# Thoughts on the Lee Valley Pipe Vise?



## torea (Jan 7, 2016)

Hey all! Sorry if this is in the wrong place.

I'm designing a small tabletop workbench to use in my apartment. Since my space is limited, I want the most bang for my buck. I've been considering regular vises for the bench and came across the Lee Valley Pipe Vise - http://www.leevalley.com/us/wood/page.aspx?p=69583&cat=1,41659

Does anyone have any experience with this vise? I thought it'd be an interesting addition, as I could mount one base on the front of the bench and one on the tail, and then just move the vise head as needed.

Thanks!
torea


----------



## klassenl (Feb 13, 2011)

I made a pipe vise out of an extra pipe clamp. It worked quite well.


----------



## LittleShaver (Sep 14, 2016)

I built the Apartment Workbench http://www.leevalley.com/us/wood/page.aspx?p=69603&cat=1,46158,56642&ap=1
From Lee Valley which uses the vises. I called it the scope creep project. Instead of knobs, I used inset ring pulls. Instead of rabbeted drawers, I hand cut half blind dovetails.

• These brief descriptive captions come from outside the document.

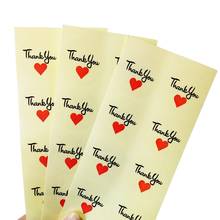 100pcs/lot 'Thank You' Red Heart Round Seal Label Sticker PVC Transparent Stickers For DIY Gift Handmade Product Package Label 2024 - buy cheap
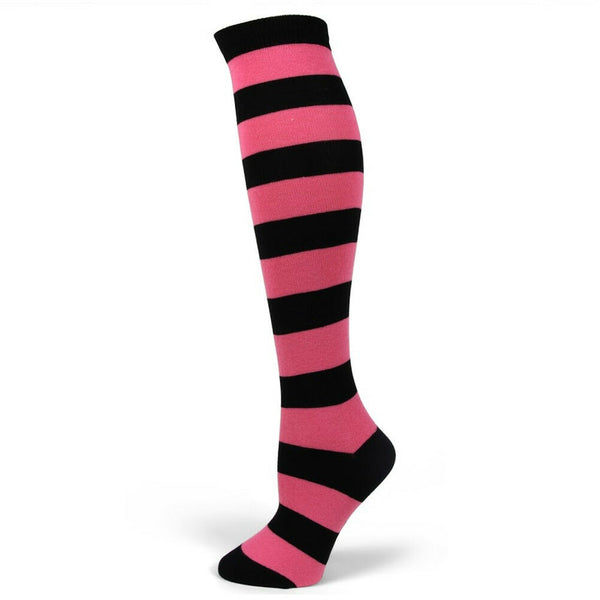 Women's Halloween costume Black/Bright Pink Stripe Knee High Socks PM009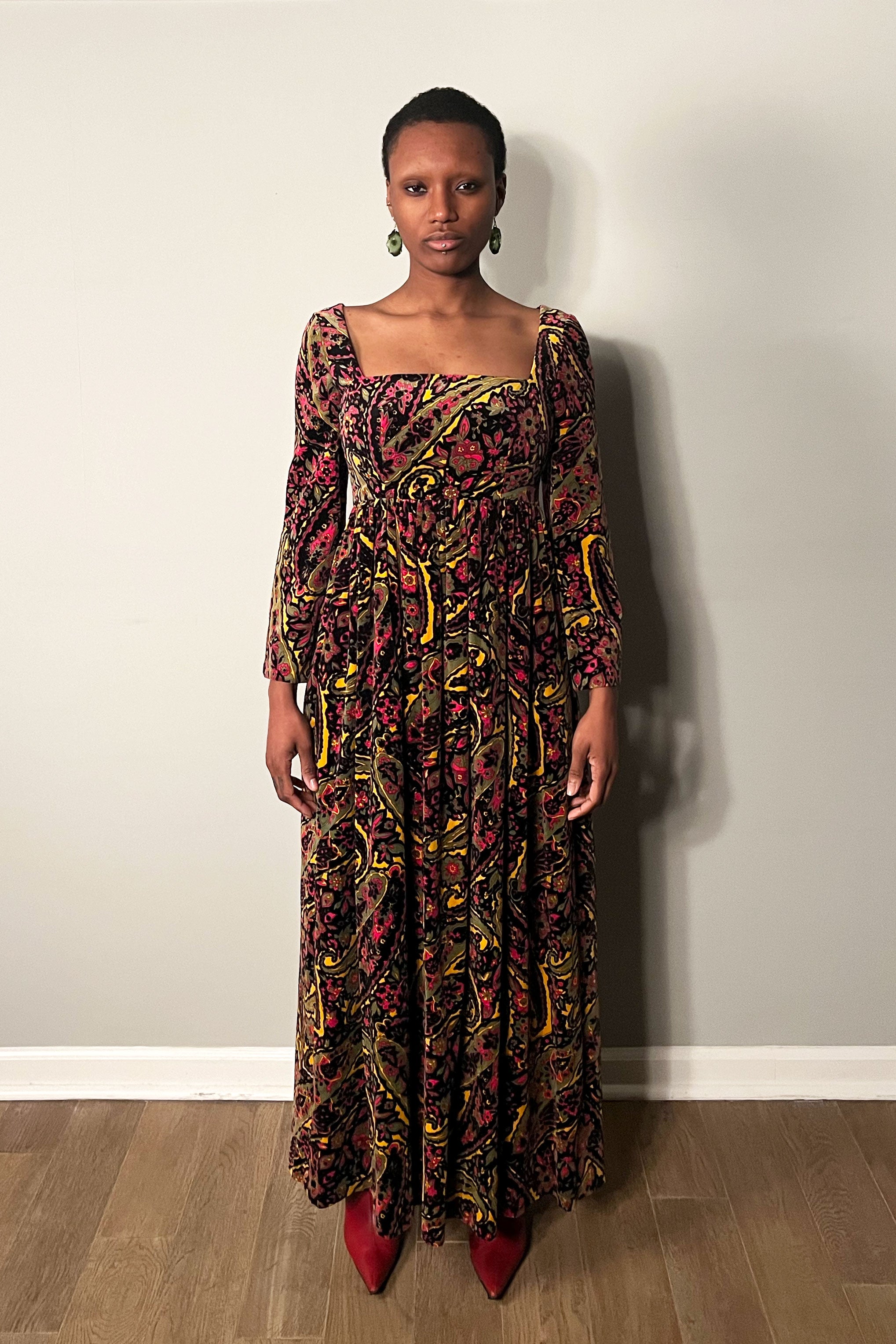 George Halley Paisley Velvet Dress Moore Vintage Archive George Halley Paisley Velvet Dress Moore Vintage Archive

These two "minor" changes added many hours to the project, but it turned out well enough to win a blue ribbon and Judges Choice awards at the Colorado State Fair.
The vises work quite well for smaller items. A little spendy, but he quality is what you'd expect from Lee Valley.


----------



## BillWhite (Jul 23, 2007)

Boy! I could really smash my thumb in that vice.
Looks like a good idea.
Bill


----------



## nakmuay (Sep 11, 2014)

If you're on a budget, I made a "bench top bench" with a moxon vice using $10 worth of bar clamps. Works perfect for me. The other option was pair of Shop Fox D2893 Press Clamps


----------



## bbasiaga (Dec 8, 2012)

If you go to youtube, you can search for Jay Bates pipe vice. I made one similar for my bench from 1/2" pipe clamps at Harbot Freight, $12 for two. $3 for a piece of pipe, and a couple bucks worth of scrap wood.

Brian


----------